I’m wondering whether I should attempt to write full-text index for Oddmuse. Something lean and mean. Sure, it’s reinventing the wheel, and there’s Lucene and other tools, and the current Search::FreeText is not too bad (although I’m overriding lots of stuff, so technically its dependencies are wasted CPU cycles and RAM). Maybe just gut Search::FreeText? Or roll my own? BM25 doesn’t look too difficult to reimplement, if I look at the Search::FreeText source. And put everthing in a Berkley DB file. GNU dbm looks perfect if all I have is one or two indexes: It implements a filesystem-based hash table.

Lucene

BM25

Assume two documents: Document called “Calvin’s Favorite” with content “Weirdoes from another planet” and a document called “Hobbe’s Favorite” with content “Humans from planet Earth”.

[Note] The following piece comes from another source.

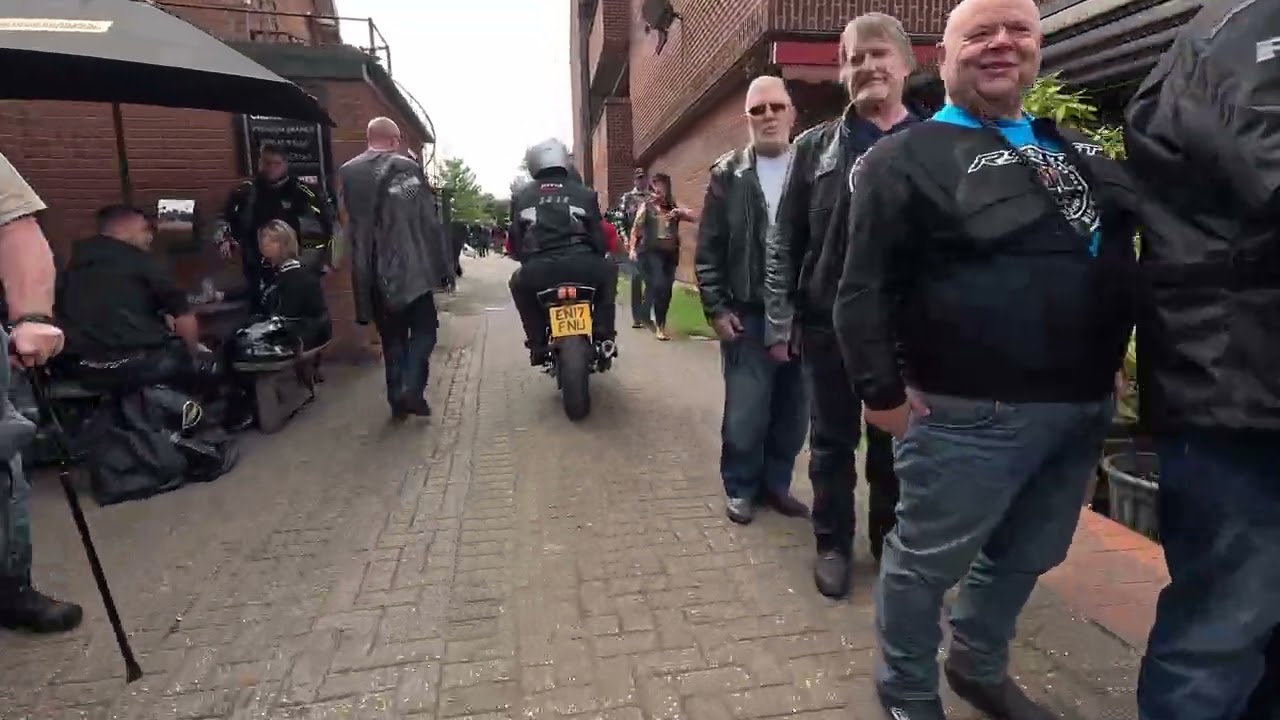 Watton bike show pt 1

First, we assign numbers to documents:

Calvin’s Favorite → 1, Hobbe’s Favorite → 2

Then we tokenize the downcased titles and pages (we want to index titles, too) without using stop words (multilingual stop words?) and create the necessary pointers:

calvin → 1, s→ 1, favorite → 1 & 2, weirdoes → 1, from → 1 & 2, another → 1, planet → 1 & 2, hobbes → 2, humans → 2, earth → 2

Then all I would need is a good implementation of set operations to implement unions (”or”) and intersections (”and”) on the lists returned:

Looking for calvin and earth: 1 ∩ 2 = ∅ Looking for calvin or earth: 1 ∪ 2 = (1, 2) Looking for hoobes and earth: 2 ∩ 2 = (2)

Maybe I could optimize later and use bitvectors... I wonder where I would read up on this kind of thing...

Anyway, it doesn’t look impossible. I just wonder whether this is going to be time well spent. I could spend time thinking about incremental updates of the database, and so on. Or just use a small database. Gah! 😄

There’s a Perl glue library to the C implementation of Lucene. There’s a problem, however: “Currently only ISO 8859-1 (Latin-1) characters are supported. Obviously this included all ASCII characters.” ¹

Hm. I wonder what that means, since Oddmuse continues to be encoding agnostic (it’s all bytes as far as I am concerned). Perhaps it’s not a problem after all.

I also found Plucene, a “Perl port of the Lucene search engine”.

Plucene

I’ve also skimmed to introductory articles for Lucene from ONJava linked to from one of the other pages:

Introduction to Text Indexing with Apache Jakarta Lucene

Advanced Text Indexing with Lucene

Lucene seems like overkill!

And how to index {CJK Chinese, Japanese, Korean} languages remains an unsolved riddle. I need to talk to a Chinese Oddmuse user!

#Oddmuse

Comments

(Please contact me if you want to remove your comment.)

⁂

My understaning is that the largest full-text databases in the world don’t use RDMSs or SQL. So apparently, if you want to scale up, the best choice is to avoid these technologies.

– AaronHawley 2006-10-08 19:35 UTC

AaronHawley

---

I’m relieved to heard that. 😄

– Alex Schroeder 2006-10-08 19:38 UTC

Alex Schroeder